As the density of semiconductor devices continues to increase, the need for smaller interconnections also increases. Historically, the semiconductor industry has used a subtractive etching process to pattern metal interconnect layers of the semiconductor. This metal processing technique, however, has limitations including poor step coverage, non-planarity, shorts and other fabrication problems. To address these problems, a dual damascene technique has been developed. This process, as explained in "Dual Damascene: A ULSI Wiring Technology", Kaanta et al., 1991 VMIC Conference, 144-150 (Jun. 11-12, 1991) and incorporated herein by reference, involves the deposition of a metal into contact vias and conductor trenches which are patterned in the semiconductor. The semiconductor is then subjected to a known CMP (chemically-mechanically polish) process to both planarize the semiconductor and remove excess metal from all but the patterned areas.

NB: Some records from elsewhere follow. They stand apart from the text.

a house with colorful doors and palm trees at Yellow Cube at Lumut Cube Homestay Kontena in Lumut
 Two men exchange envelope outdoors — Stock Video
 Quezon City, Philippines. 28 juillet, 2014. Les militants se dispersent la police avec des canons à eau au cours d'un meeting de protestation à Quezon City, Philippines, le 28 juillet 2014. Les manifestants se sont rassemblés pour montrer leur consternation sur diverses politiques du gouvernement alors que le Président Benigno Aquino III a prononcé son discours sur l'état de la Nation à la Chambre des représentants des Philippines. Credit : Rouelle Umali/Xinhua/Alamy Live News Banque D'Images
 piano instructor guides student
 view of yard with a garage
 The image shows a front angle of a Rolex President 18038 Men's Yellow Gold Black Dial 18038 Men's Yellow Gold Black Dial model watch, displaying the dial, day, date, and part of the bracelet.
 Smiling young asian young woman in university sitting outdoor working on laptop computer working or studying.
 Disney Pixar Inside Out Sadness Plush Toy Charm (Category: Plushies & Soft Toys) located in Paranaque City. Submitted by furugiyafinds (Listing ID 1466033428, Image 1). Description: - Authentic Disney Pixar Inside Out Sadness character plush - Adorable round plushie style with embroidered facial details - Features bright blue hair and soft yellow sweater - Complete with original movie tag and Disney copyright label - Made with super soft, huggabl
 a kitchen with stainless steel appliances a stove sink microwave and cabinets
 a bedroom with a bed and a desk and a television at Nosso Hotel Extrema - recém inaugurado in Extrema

The metal layer can be fabricated using known CVD (chemical vapor deposition) or PVD (physical vapor deposition) techniques. The metal interconnects are typically an aluminum alloys containing dopants, such as silicon and copper. These dopants are Si and Cu precipitates which tend to migrate to the grain boundaries of the aluminum during deposition. The precipitates are harder than aluminum. Thus, they are hard to dissolve and remove during the CMP process. The precipitates also contribute to defects in the aluminum, such as scratches, which materialize during the CMP process. These problems are present in all CMP processes, and not limited to removing metal alloys used in a dual damascene process.
For the reasons stated above, and for other reasons stated below which will become apparent to those skilled in the art upon reading and understanding the present specification, there is a need in the art for a process of fabricating metal alloy interconnects in an integrated circuit which improves a CMP process and reduces defects experienced during CMP.